Sentado en el duro suelo de la plaza, sintiendo las piedrecillas clavándose en el trasero, inspiró como se lo ordenaban y trató de contener el aire en su interior, pero era complicado concentrarse en los ejercicios de respiración cuando todo el mundo lo miraba. Y lo miraban sin disimulo, además.
La Paca estaba allí, por supuesto, pero vio que ella era casi la más normal de todos. Había un cura con alzacuellos y sotana, un panadero con la harina manchando todavía sus antebrazos, varias ancianas prácticamente iguales entre sí, o él al menos era incapaz de diferenciarlas, tres vejetes que apenas se sostenían en pie, varias mujeres de edad indefinida entre los treinta y los cincuenta. Dejó de contar cuando se dio cuenta de que eran demasiados. Y lo mejor de todo era que cada uno de ellos hacía lo que le daba la gana. Unos estaban sentados en el suelo, otros en sillas y otros permanecían de pie, con los brazos elevados hacia el cielo, como si se dispusieran a bailar la danza de la lluvia en cualquier momento. Mientras tanto, Alejandro les sonreía a todos como si aquello no pareciera un pandemónium y un cachondeo.

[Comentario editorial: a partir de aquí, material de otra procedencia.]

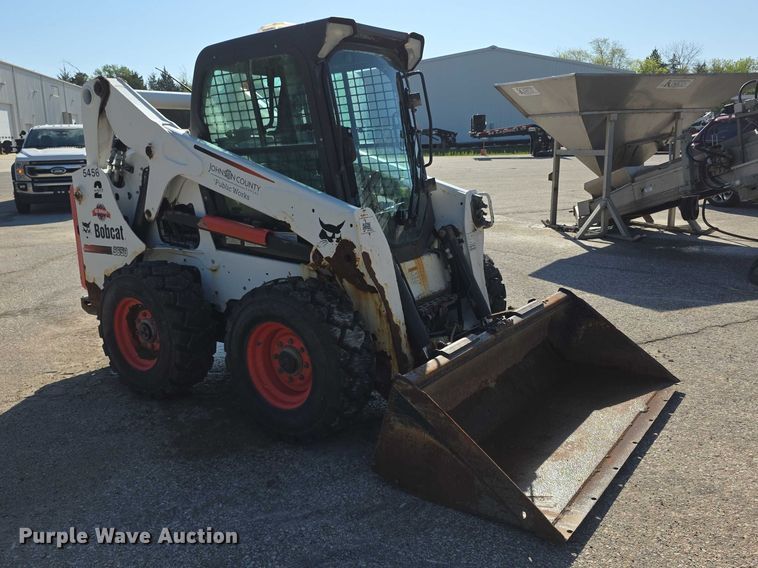 image for item FI0976 2016 Bobcat S650 skid steer loader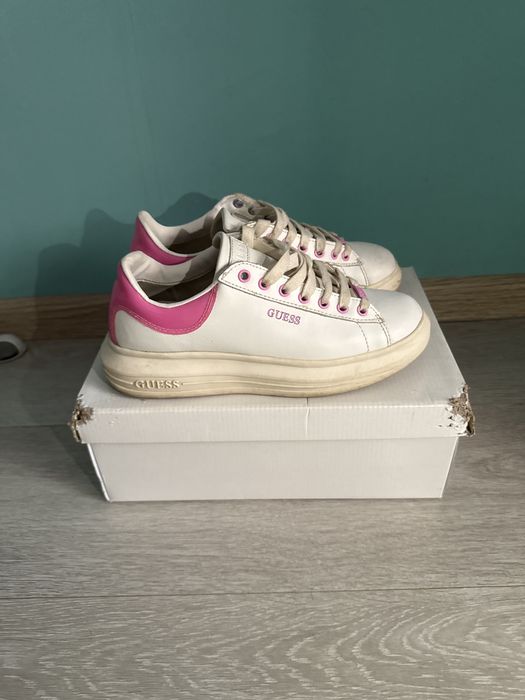 Оригинални обувки Guess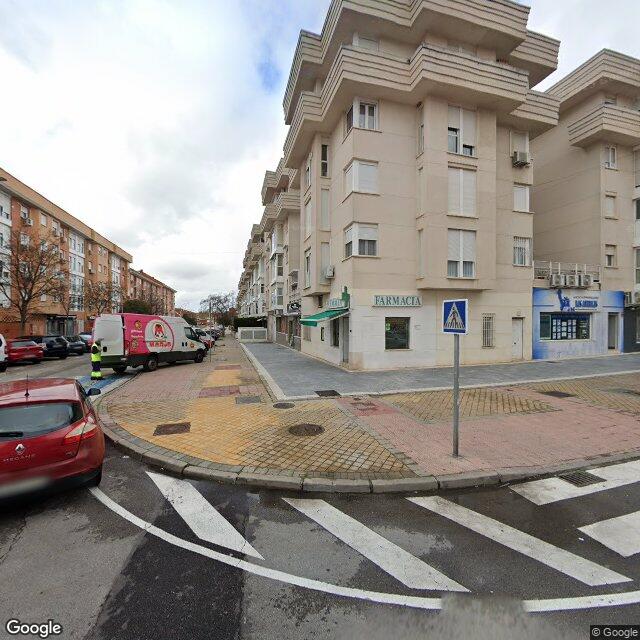 Street view near Farmacia in Spain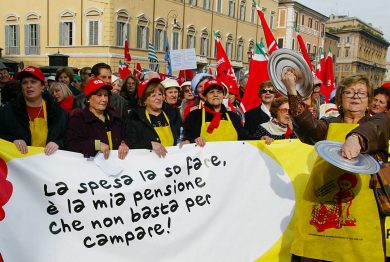 Pensioni, se i genitori pagano i contributi per i figli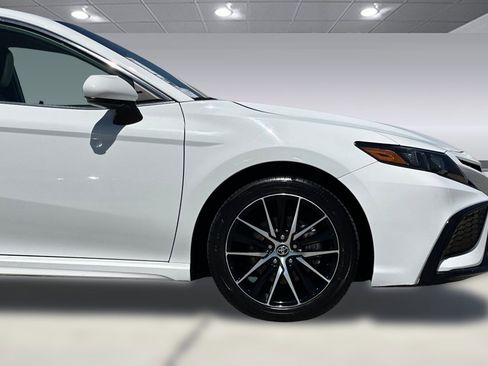 Used 2024 Toyota Camry SE FWD image 22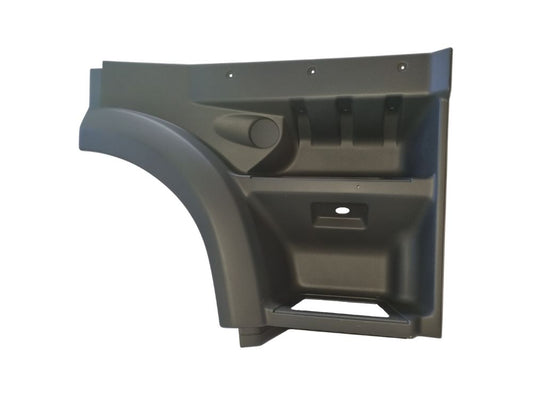 Step Panel R/H Right Hand  –  Upper  –  Round Step Lamp Hole  –  To Suit DAF 95XF (95-02) DAF XF95 (02-06)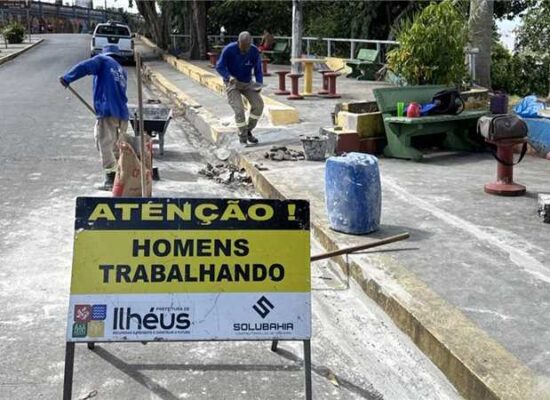 Prefeitura de Ilhéus realiza serviços de roçagem e calçamento em diversos pontos da cidade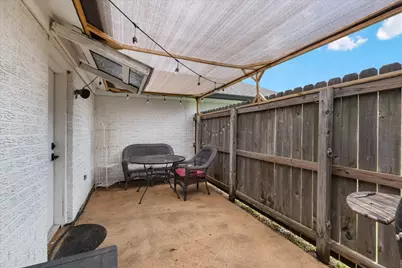 110 Dozent Lane, Baytown, TX 77521 - Photo 19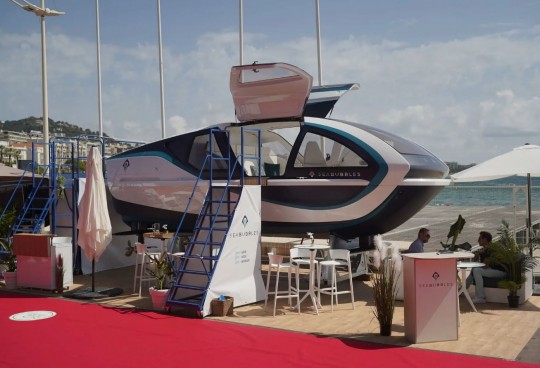 The new SeaBubble water taxi "flies" above the water surface, uses hydrogen\-electric propulsion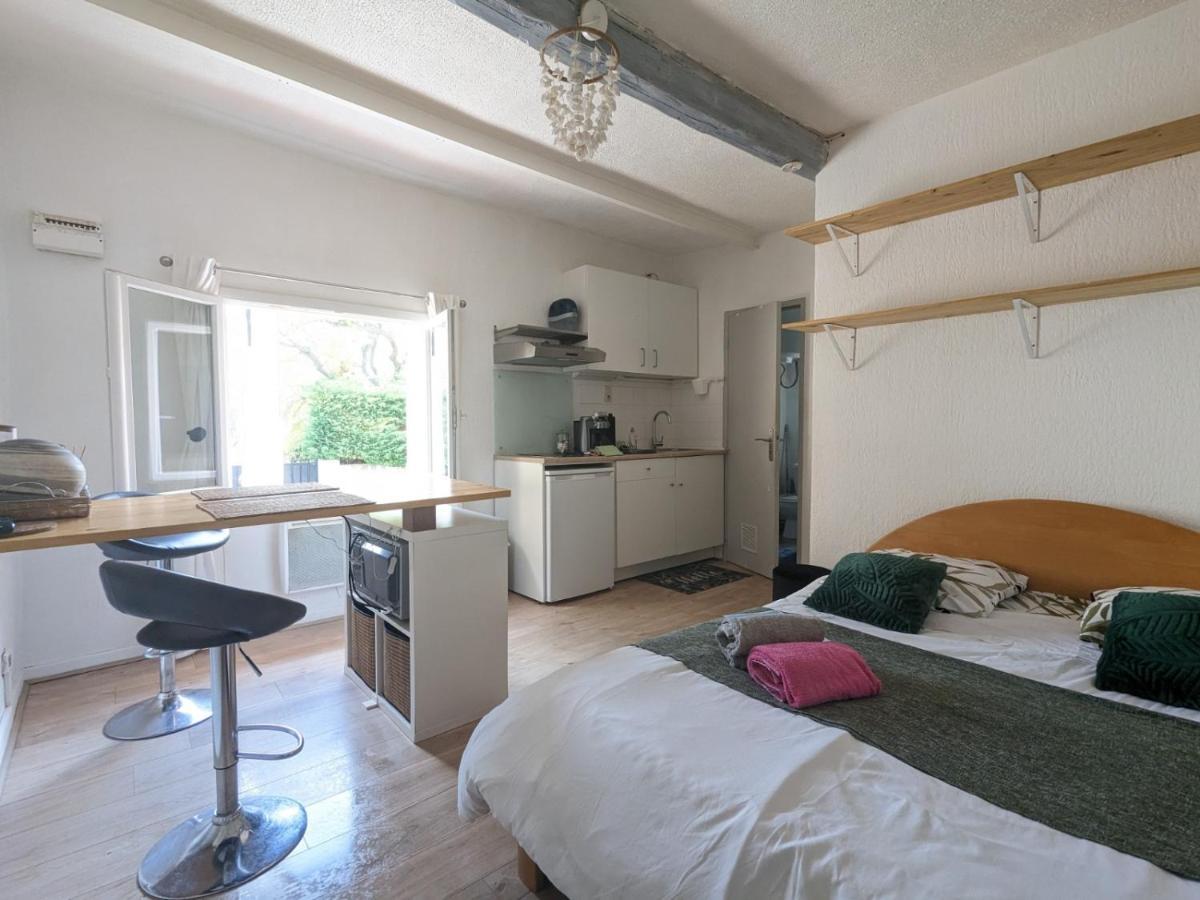 Studio Avec Parking Tout A Pied Et Calme Bandol Exterior photo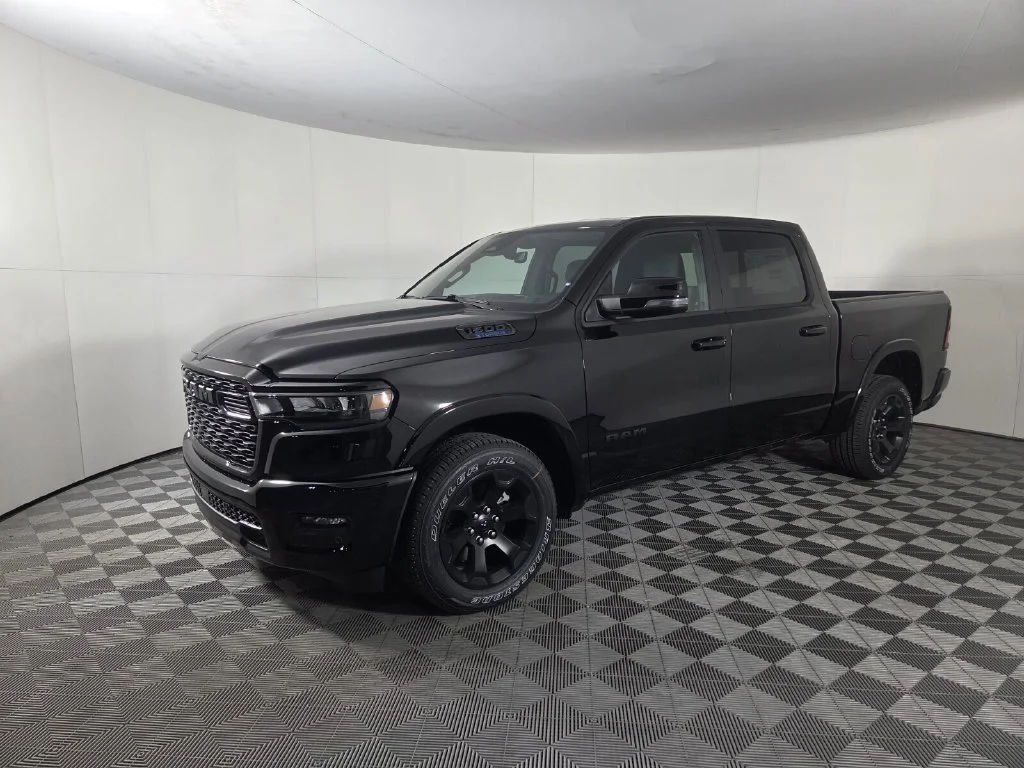 New 2027 Diamond Black Crystal Pearl-Coat Exterior Paint RAM Big Horn image 4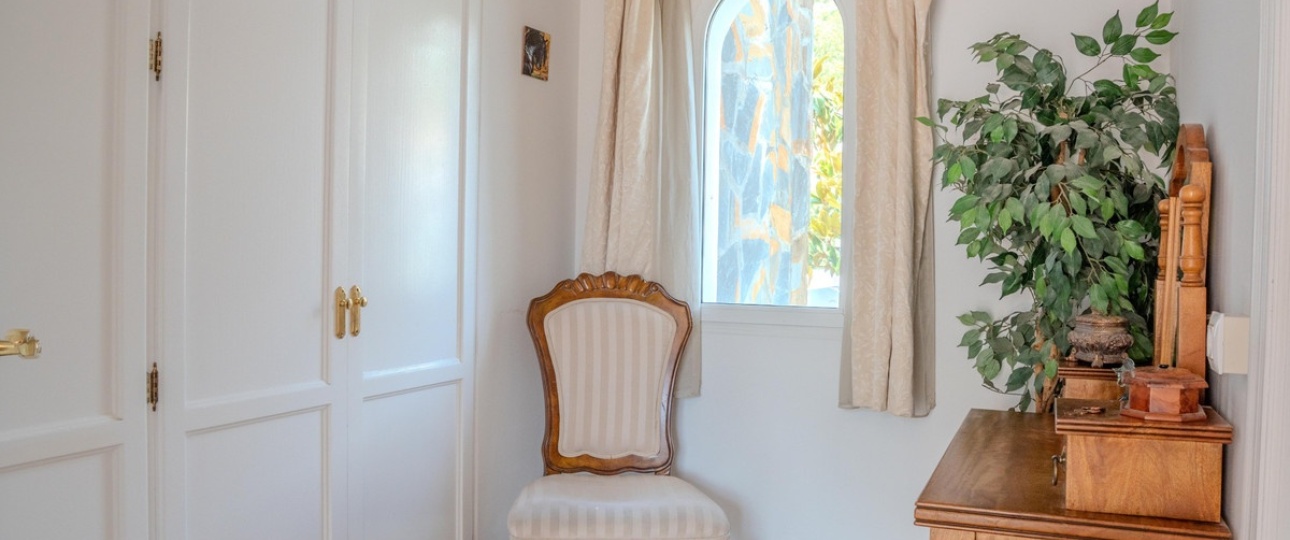 Resale - Villa - Benahavís - Benahavís Centro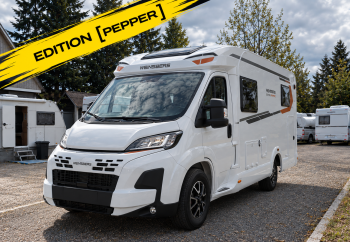 weinsberg_edition_pepper_lakoauto_felhos_eg_alatt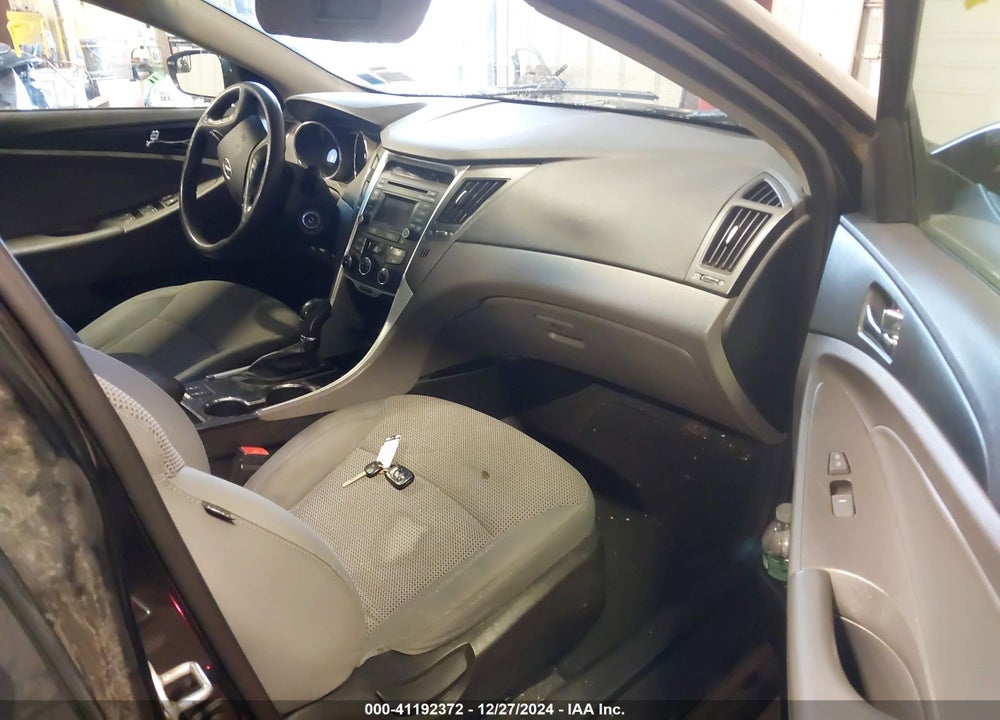 2014 HYUNDAI SONATA GLS VIN: 5NPEB4AC9EH946267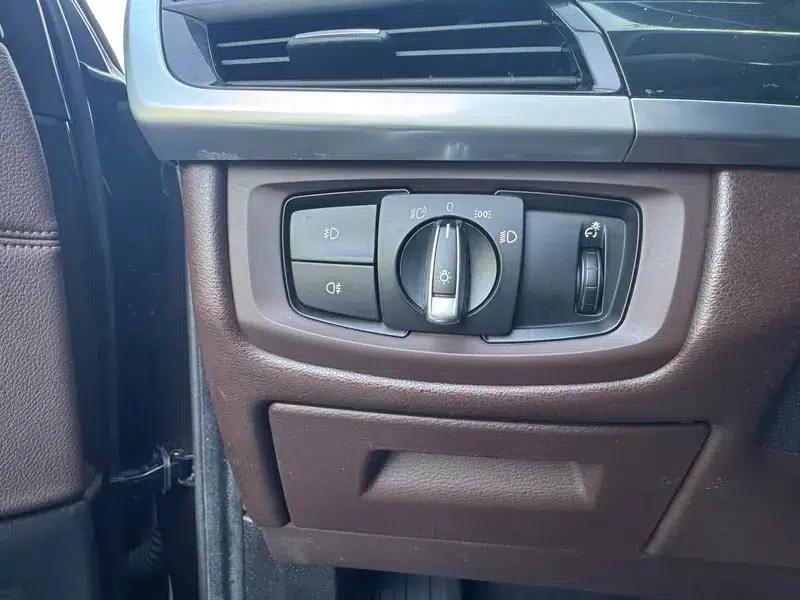 BMW X5 (Imported) 2014 xDrive35i Leading Edition — миниатюра 24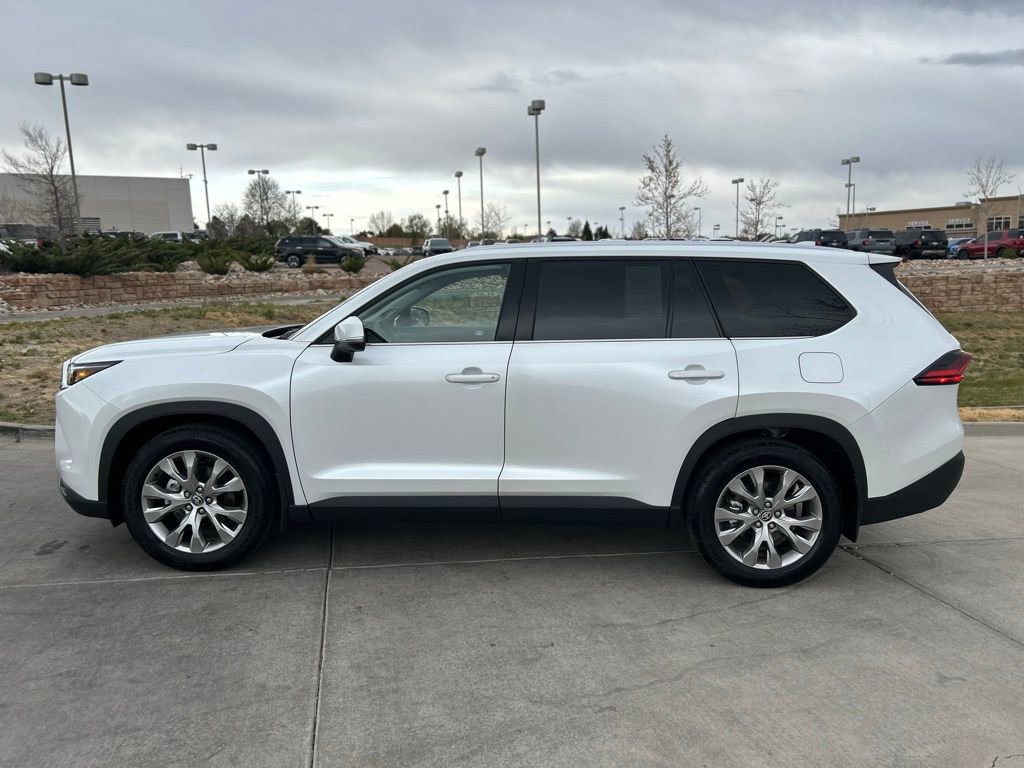 Used 2026 Toyota Grand Highlander Limited AWD/4WD image 4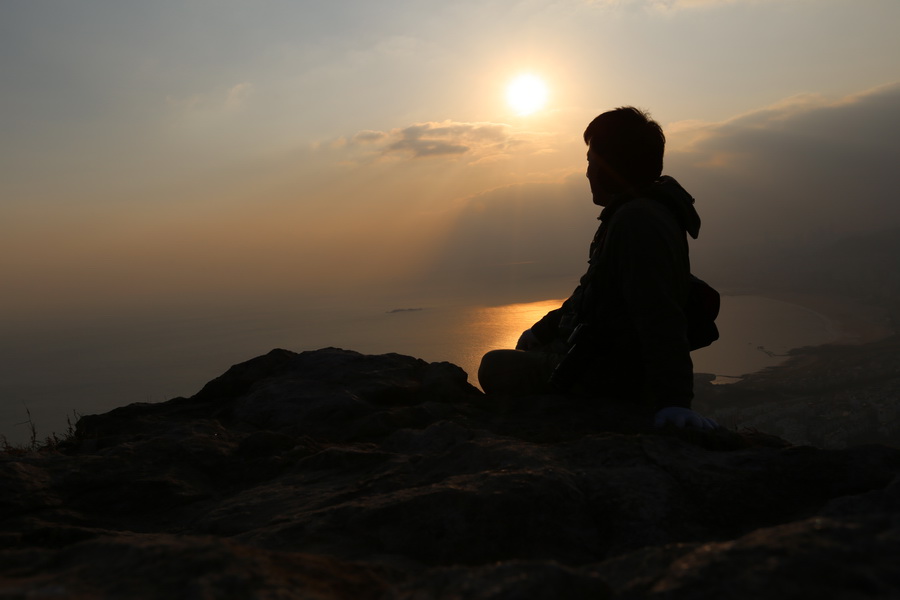 登山望海看落日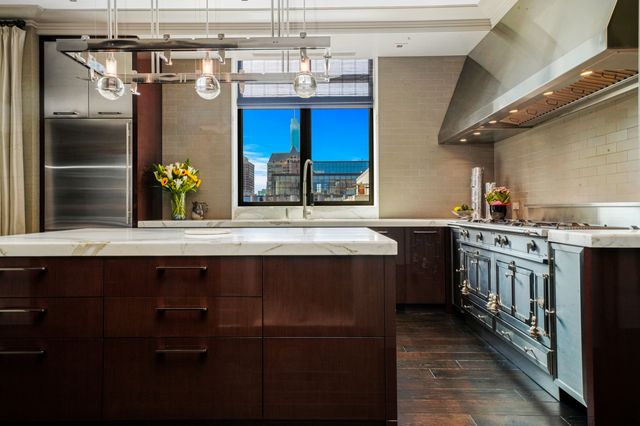 10 E Delaware Place 34A, Chicago, IL 60611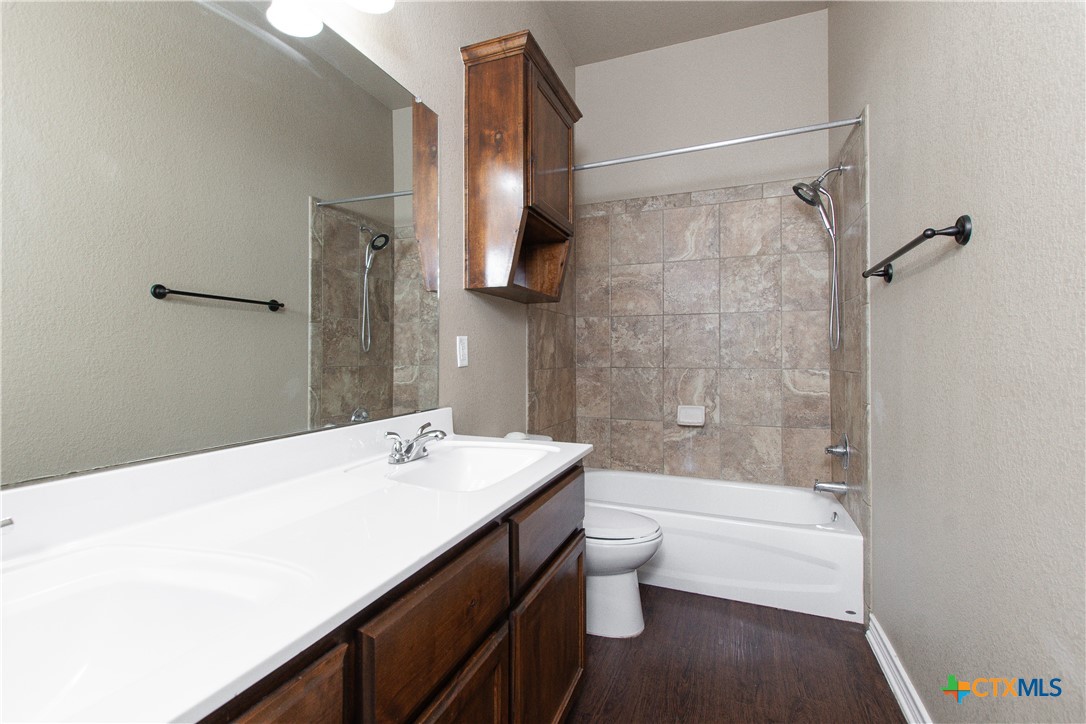 502 Sladecek Drive A Property Photo 18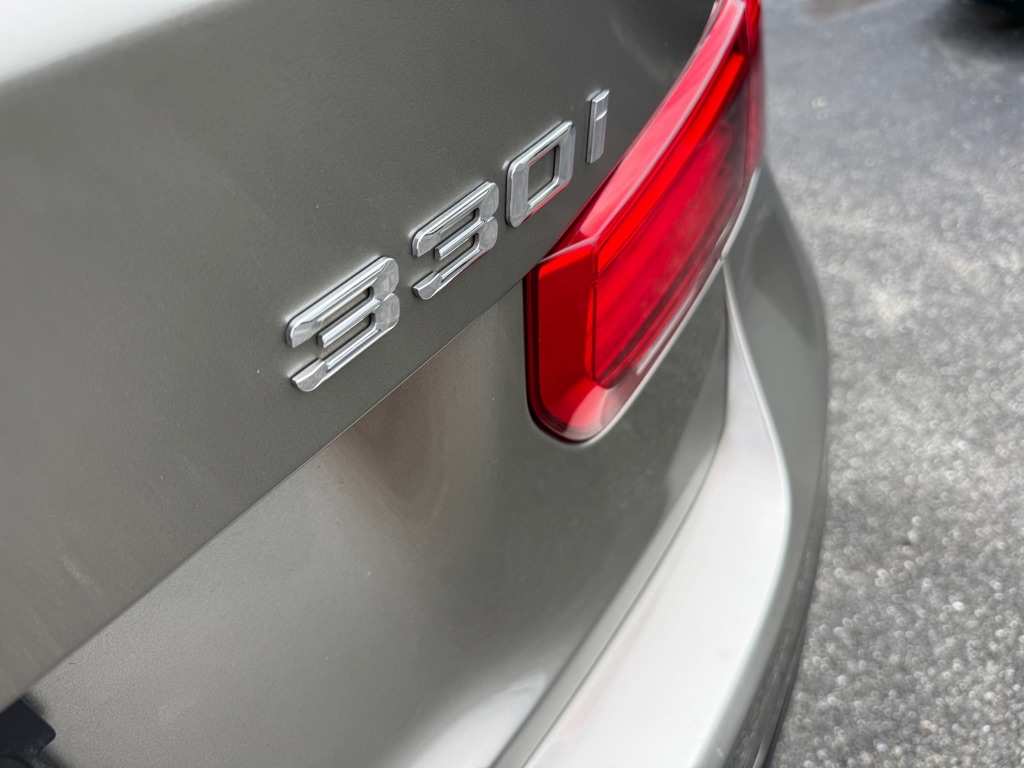 BMW 3-Series 330i SULEV Sedan 2017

Daniela también estaba allí, el doble de gorda que cuando la había visto hacía solo tres días, estirada en el suelo y más flexible que una gimnasta olímpica. ¿Cómo era posible?
Todos ellos, ya fuera de pie o sentados, lo miraban con más o menos disimulo, y él evitaba fijar la mirada en ninguno, aunque era complicado porque llenaban todo el espacio. A lo mejor era por ser el nuevo, pero prefería no pensarlo.
Alejandro seguía a lo suyo, pidiéndoles que respirasen, que se estirasen, que hicieran esto y lo otro, como si la cosa no fuera con él. De vez en cuando se acercaba a uno de sus vecinos para ayudarle, responder a alguna pregunta o para corregir una postura.
El muy cretino parecía tan feliz que Hans se sintió celoso al instante. Fue un sentimiento repugnante y triste, porque era muy consciente de que Alejandro no se lo merecía. Le había costado mucho tiempo y mucho trabajo admitir aquello pero lo cierto era que, en el fondo, no le importaría demasiado tener lo que tenía Alejandro, salvo quizás lo de ser alcalde.
—Me alegra tenerte aquí, tío.
En otro momento, aquella sonrisa satisfecha y sin un atisbo de vanidad le habría parecido falsa, pero Hans se sorprendió respondiéndole con otra igual.
—Y a mí.
Iba a felicitarle por su futura paternidad cuando un bocinazo y un frenazo hicieron que la formación perfecta de arqueros se girase en dirección al camino que entraba en la plaza. Un Ford Fiesta rojo de al menos veinte años de antigüedad había levantado una polvareda al aparcar casi al asalto junto al grupo.
—¡Tú! —gritó una voz al abrirse la puerta del coche, haciendo que, si es que había alguien que no se hubiera dado cuenta de la llegada del vehículo, su conductora tuviera ahora toda su atención—. ¿Te das cuenta del susto que me has dado? ¡Pensaba que te estabas muriendo! Y mientras tanto, aquí estabas, haciendo lo que sea eso con ese otro… ¡pintamonas!
Alejandro gimió y, ofendido, se llevó una mano al pecho, pero no se atrevió a defenderse porque Bea daba miedo de verdad.
Hans parpadeó y miró a Beatriz, incapaz de decir si se sentía más sorprendido por su furia o más excitado por su preocupación.